In response, Hill received an email from Knowles that said: “sorry that the experience . . . wasn’t what we strive to provide during the onboarding experience.”

Hill would later receive an alarming e-mail reflecting a change of heart from the company resulting in the loss of his job offer. 

“We regret to inform you that we are rescinding the offer of employment dated July 21, 2021. …,” an email from Knowles said. “We appreciate your interest in the position and wish you much success going forward.”

The email left Hill in “shock” and “floored,” NBC News reports.

Unknowingly, Hill would not be prepared for the email stating the company rescinded his offer that followed upon his return to Atlanta. Hill’s story serves as a harsh reminder of the internal discrepancies, which can occur when companies are focused on their image and likeness externally rather than implementing real change through honest hiring practices.

Memorial Hermann has since responded in light of Hill’s incident.

“Sometimes, during the hiring or onboarding process, circumstances can change that may lead to an offer of employment being rescinded. Out of respect for all individuals involved, it is Memorial Hermann’s practice not to discuss personnel matters publicly,” Memorial Hermann said in a statement. “Memorial Hermann remains committed to its EDI journey, including hiring a Chief EDI Officer. With this individual leading the charge, Memorial Hermann will continue to be the leading employer and healthcare provider of choice for all people and effect real change that will improve the health of our communities.”

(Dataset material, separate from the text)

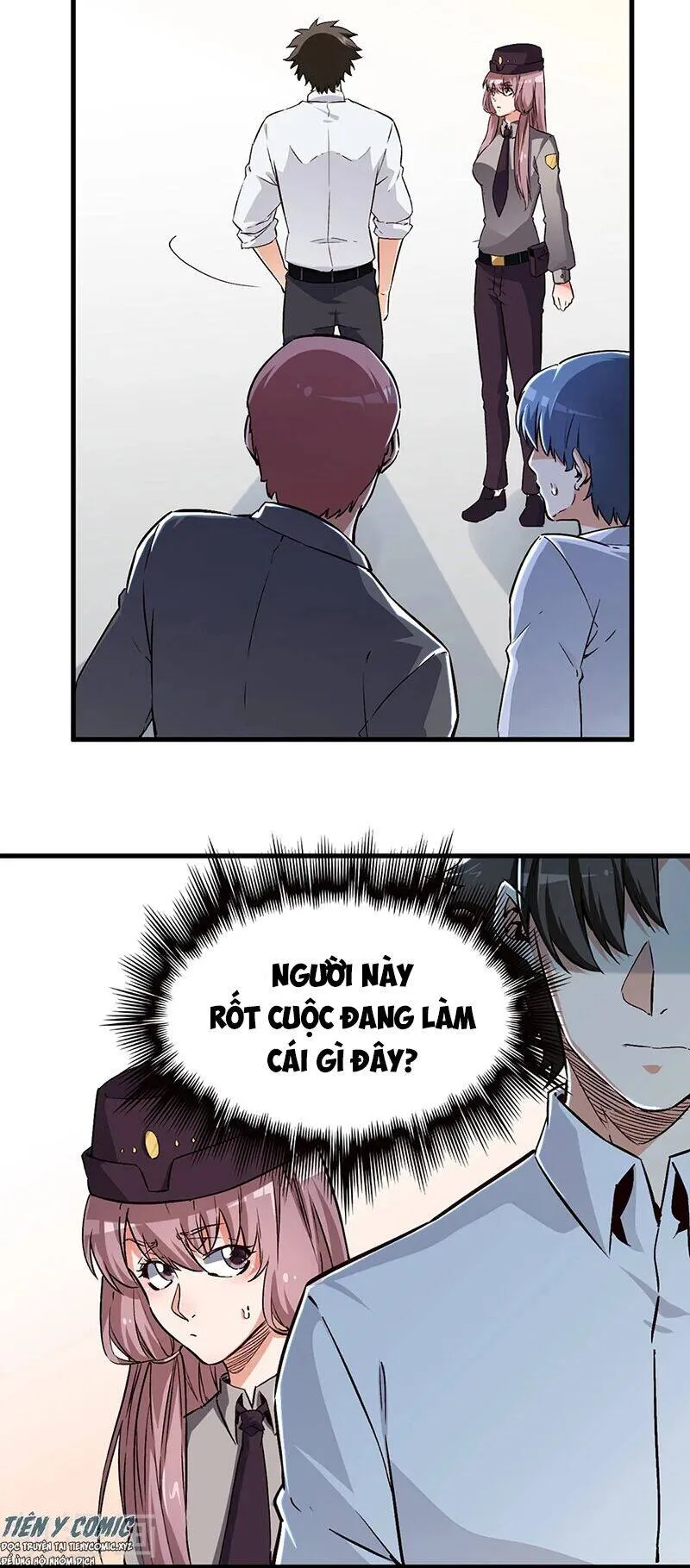 Trang 13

According to NBC News, Hill was “dumbfounded further” when his lawyer, Mark Oberti was told two weeks later why Memorial Hermann rescinded his offer. One reason included him not being a “good fit” and according to the outlet, Oberti was also told “it was uncomfortable with Hill inquiring about hiring staff to build his team; that Hill wanted a larger relocation budget; that he rented and charged a luxury car to the company.” He also told that Hill was “too sensitive about race issues.”